Boost logo

Boost :

From: Seth (bugs_at_[hidden])
Date: 2022-08-22 02:57:10


Disclosure: I've followed the evolution of the library with some interest on
cppslack. Hence I may be consciously/sub-consciously primed to see some of the
choices that went into the library as "sensible".

# What is your evaluation of the potential usefulness of the library?

It's useful especially for applications dealing with network (Asio, Beast, Mysql) but obviously beyond

# What is your evaluation of the design?

I won't call it user-friendly, but seems to achieve the goals that it was set
out to achieve well, which means focusing on versatility and control,
inevitably sacrificing some ease-of-use.

Like some of the earlier reviewers, I also have some concerns over introducing
non-owning vocabulary type. I do appreciate the design choice though, because I
think it ultimately fits the Boost ecosystem best - favoring
performance/versatility over ease of use.

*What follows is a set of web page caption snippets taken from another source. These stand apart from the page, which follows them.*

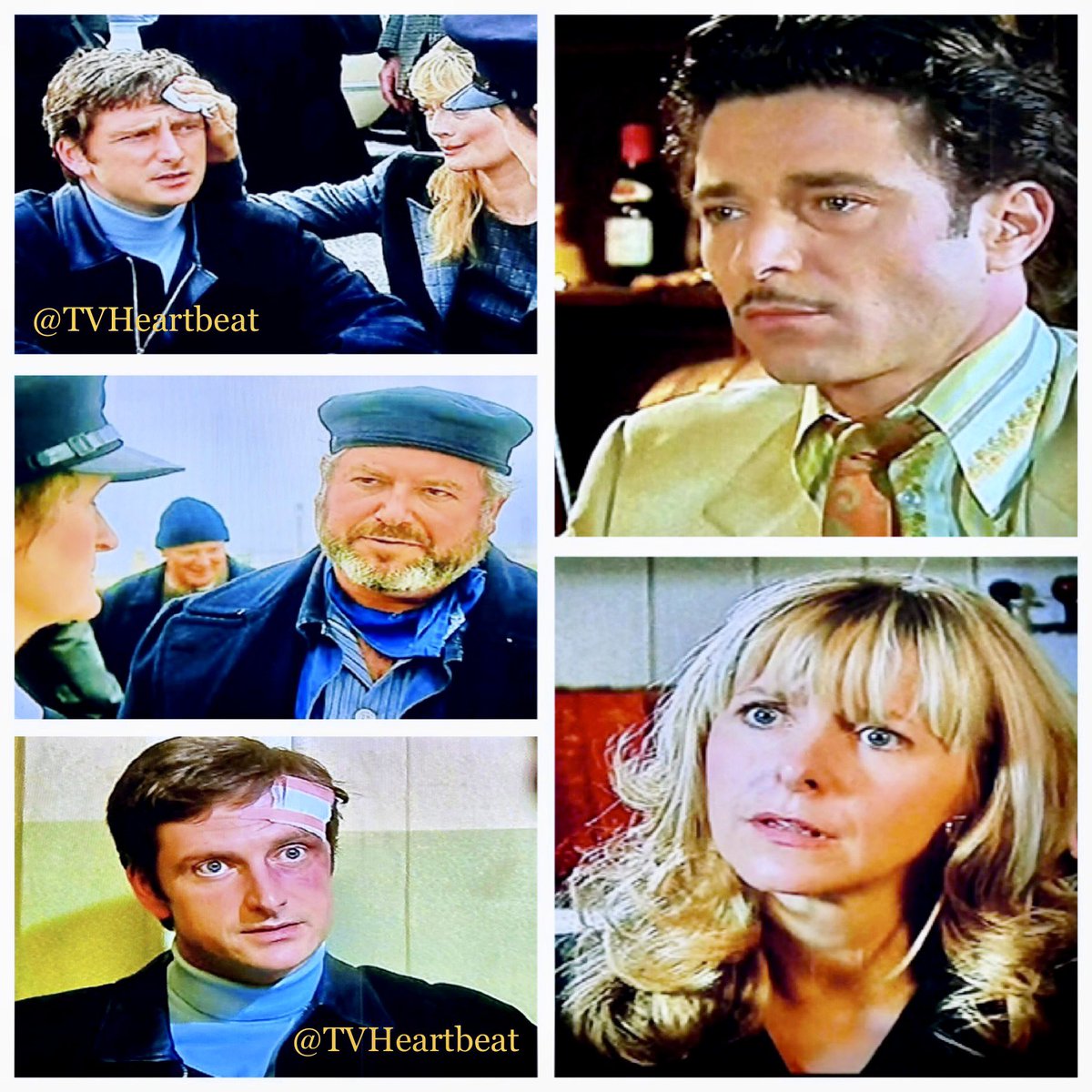 HeartbeatTV tweet media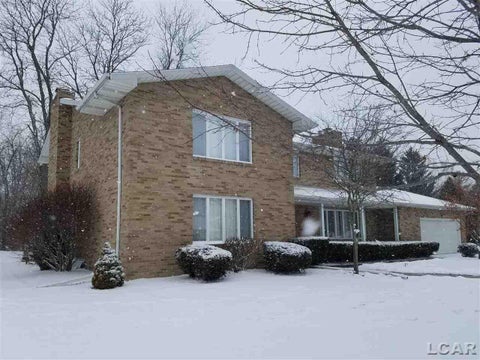 Photo for 555 Meadowbrook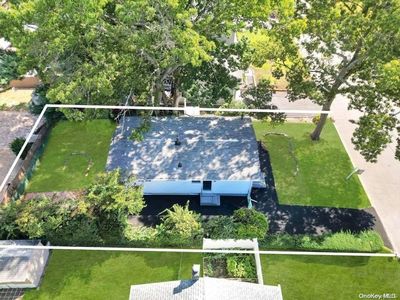 29 W 21st Street, Deer Park, NY, 11729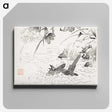 1-70_Hu-Zhengyan_canvas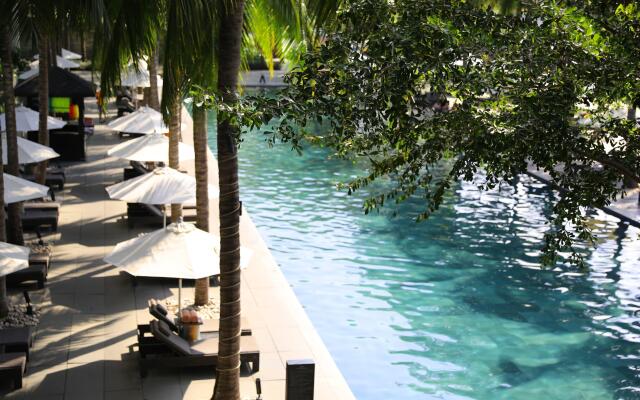 InterContinental Sanya Resort by IHG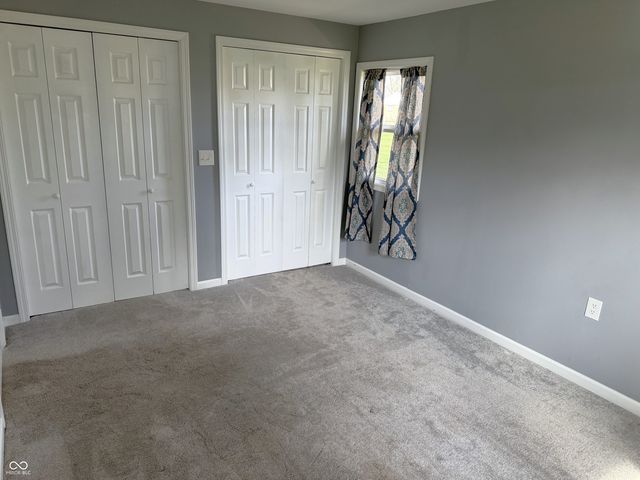 2399 W Rock River Ridge Road, Crawfordsville, IN 47933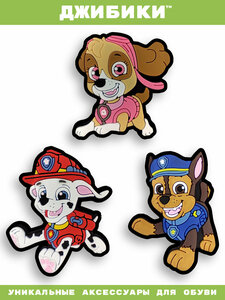 Основная фотография от вендора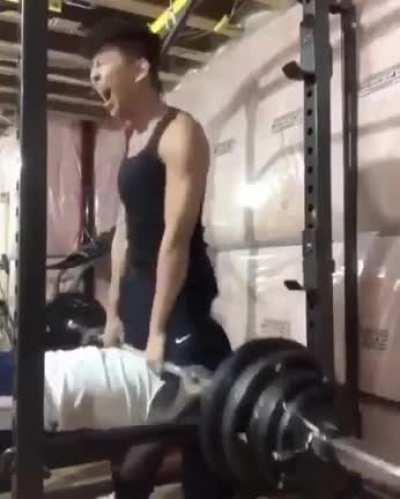 Cody GOTTA see this shit ong wtf is going on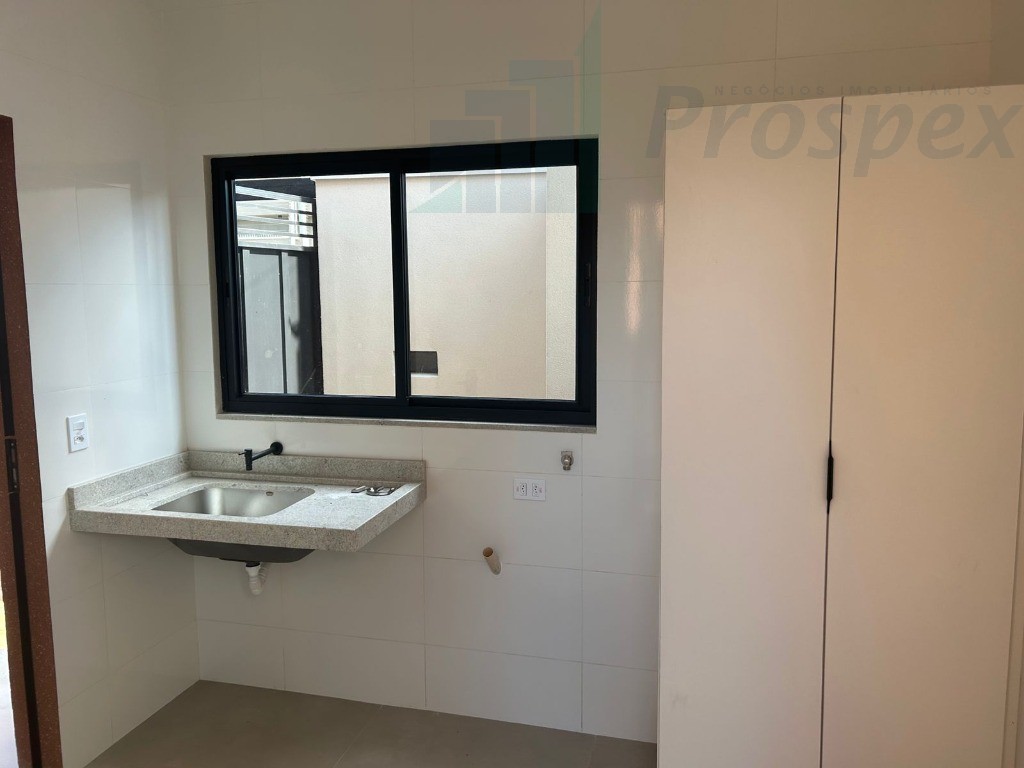 Casa, 3 quartos - Foto 11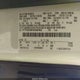 1FTYR2CM7KKA87602 2019 Ford Transit-250 auction photo thumbnail 9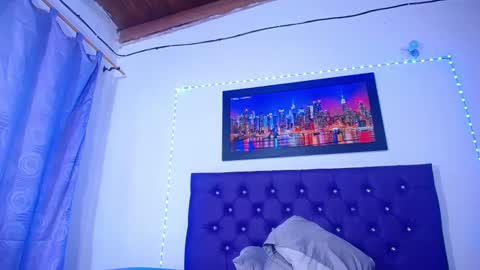  Annie  online show from 7, 3, 2025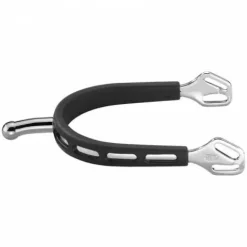 Sale Eperon boule ultra fit extra grip - Eperons|Éperons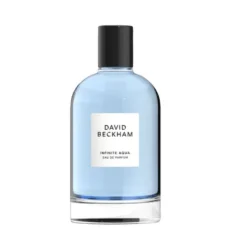 David Beckham Infinite Aqua woda perfumowana spray 100ml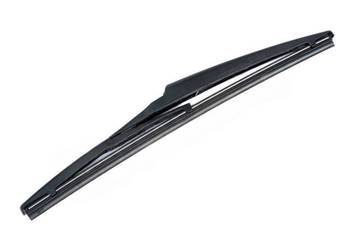 TOYOTA Auris Verso Pioro wycieraczki 300mm tylnej 85242-02040 OE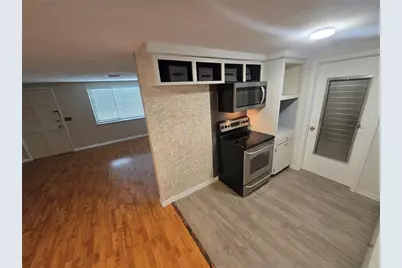 5307 Whippoorwill Drive, Holiday, FL 34690 - Photo 5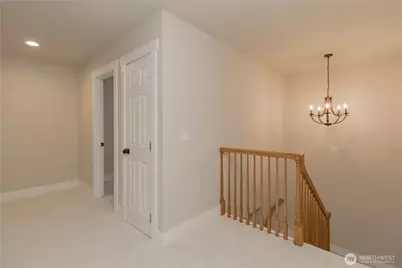 13216 Rocking S Lane SE, Yelm, WA 98597 - Photo 23
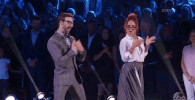 abc dwts GIF by Dancing with the Stars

In contrast to others, I think the choice of Nomenclature, namely URL
everywhere _except_ in the grammar domain (the parse function names) is a very
elegant one: it avoids the historical naming swamp (by choosing the URL camp)
while still making it abundantly clear what parts of RFC are referenced.

Other libraries don't always expose accurate terms (`authority`, `URI
reference`) and it leads to confusion, e.g. python3:

    In [1]: from urllib.parse import urlparse
    In [2]: urlparse('localhost:5555')
    Out[2]: ParseResult(scheme='', netloc='', path='localhost:5555', params='', query='', fragment='')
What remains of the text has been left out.